Bag of Tricks for Image Classification with Convolutional Neural Networks (Dec 2018)

For one of my projects, I have to push my model's accuracy. This paper introduces several tricks that can significantly improve the accuracy of common models. And those tricks are quite easy to implement. This paper can be found here: https://arxiv.org/abs/1812.01187.

1. Introduction

The major contribution regarding the deep convolutional neural networks (CNN) models accuracy is from new model architectures. However, several important contributions were made by introducing training procedure refinements. In this paper, the authors are examining a collection of those training refinements. These tricks are not fundamentally changing the models but are small modifications that collectively make a big difference without additional computation complexity.

In table 1, we can see that a ResNet-50 with the refinements implemented is outperforming other popular models (vanilla ResNet-50, ResNeXt-50, etc) significantly. Indeed, the top-1 accuracy is higher than SE-ResNeXt-50 by 0.39%, 3.99% better than vanilla ResNet-50. As for the top-5 accuracy, the ResNet-50+tricks outperforms by 0.12% SE-ResNeXt-50 and by 2.43% vanilla ResNet-50. Considering the computational complexity, at 4.3 FLOPS, the paper's model is about 10% higher than SE-ResNet-50 and vanillaResNet-50. The authors also show that their model allows better transfer learning. We can find it fully implemented in GluonCV (Classification - gluoncv 0.5.0 documentation).

2. Training Procedures

This section focuses on how to train a model. As an introduction, the authors remind us of the mini-batch stochastic gradient descent algorithm.

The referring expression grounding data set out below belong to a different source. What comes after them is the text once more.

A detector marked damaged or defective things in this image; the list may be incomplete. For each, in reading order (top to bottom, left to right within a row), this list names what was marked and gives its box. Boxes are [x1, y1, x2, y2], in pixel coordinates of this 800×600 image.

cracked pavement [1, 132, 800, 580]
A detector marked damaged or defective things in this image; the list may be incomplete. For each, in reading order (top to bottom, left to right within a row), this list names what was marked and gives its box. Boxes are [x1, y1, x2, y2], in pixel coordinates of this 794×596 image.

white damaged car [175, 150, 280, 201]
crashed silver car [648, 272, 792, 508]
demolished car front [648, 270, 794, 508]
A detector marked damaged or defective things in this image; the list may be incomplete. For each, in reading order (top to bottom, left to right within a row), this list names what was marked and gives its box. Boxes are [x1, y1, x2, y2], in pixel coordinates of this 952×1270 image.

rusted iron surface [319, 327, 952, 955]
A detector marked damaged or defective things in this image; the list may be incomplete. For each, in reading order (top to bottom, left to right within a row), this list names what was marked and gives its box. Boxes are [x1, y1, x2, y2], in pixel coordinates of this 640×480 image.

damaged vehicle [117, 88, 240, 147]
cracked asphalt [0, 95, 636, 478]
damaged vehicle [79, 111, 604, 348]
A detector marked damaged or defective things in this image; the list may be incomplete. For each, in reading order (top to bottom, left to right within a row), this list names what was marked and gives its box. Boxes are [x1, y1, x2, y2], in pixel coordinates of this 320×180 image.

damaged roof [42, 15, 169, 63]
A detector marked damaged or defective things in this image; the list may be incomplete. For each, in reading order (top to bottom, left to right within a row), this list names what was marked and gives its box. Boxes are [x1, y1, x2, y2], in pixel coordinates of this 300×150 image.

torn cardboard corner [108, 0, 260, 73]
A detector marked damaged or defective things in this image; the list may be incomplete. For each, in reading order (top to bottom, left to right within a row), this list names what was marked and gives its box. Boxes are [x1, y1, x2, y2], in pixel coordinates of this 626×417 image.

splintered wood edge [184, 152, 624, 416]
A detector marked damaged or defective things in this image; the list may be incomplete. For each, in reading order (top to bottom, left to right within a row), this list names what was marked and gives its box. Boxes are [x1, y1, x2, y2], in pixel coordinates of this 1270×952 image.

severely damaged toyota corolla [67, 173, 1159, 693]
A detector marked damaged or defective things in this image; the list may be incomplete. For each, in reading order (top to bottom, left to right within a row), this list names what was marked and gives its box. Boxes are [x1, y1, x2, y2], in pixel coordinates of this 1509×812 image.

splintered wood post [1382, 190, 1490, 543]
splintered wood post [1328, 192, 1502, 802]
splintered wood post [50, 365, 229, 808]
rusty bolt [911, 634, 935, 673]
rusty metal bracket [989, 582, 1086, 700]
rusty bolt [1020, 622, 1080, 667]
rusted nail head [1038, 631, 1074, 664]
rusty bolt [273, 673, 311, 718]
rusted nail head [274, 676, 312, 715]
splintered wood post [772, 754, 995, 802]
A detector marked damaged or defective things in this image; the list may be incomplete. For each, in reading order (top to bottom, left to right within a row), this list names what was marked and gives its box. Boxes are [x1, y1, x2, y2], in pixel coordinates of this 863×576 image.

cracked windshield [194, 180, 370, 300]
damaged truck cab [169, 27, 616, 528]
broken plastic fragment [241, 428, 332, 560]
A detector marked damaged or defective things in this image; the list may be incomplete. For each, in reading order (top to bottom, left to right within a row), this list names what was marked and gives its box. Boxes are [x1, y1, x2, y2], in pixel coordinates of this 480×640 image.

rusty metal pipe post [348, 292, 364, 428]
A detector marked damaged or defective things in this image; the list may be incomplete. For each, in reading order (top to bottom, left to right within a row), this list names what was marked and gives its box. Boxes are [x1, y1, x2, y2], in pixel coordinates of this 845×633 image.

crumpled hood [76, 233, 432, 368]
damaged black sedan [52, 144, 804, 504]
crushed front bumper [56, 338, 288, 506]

2.1. Baseline Training Procedure

In this section, they detail how they trained the models that will be used as a baseline in the paper.

Randomly sample an image and decode it into 32-bit floating-point raw pixel values in [0, 255].
Randomly crop a rectangular region whose aspect ratio is randomly sampled in [3/4, 4/3] and area randomly sampled in [8%, 100%], then resize the cropped region into a 224*224 square image.
Flip horizontally with 0.5 probability.
Scale hue, saturation, and brightness with coefficients uniformly drawn from [0.6, 1.4].
Add PCA noise with a coefficient sampled from a normal distribution $\mathcal{N} (0, 0.1)$ .
Normalize RGB channels by subtracting 123.68, 116.779, 103.939, and dividing by 58.393, 57.12, 57.375, respectively.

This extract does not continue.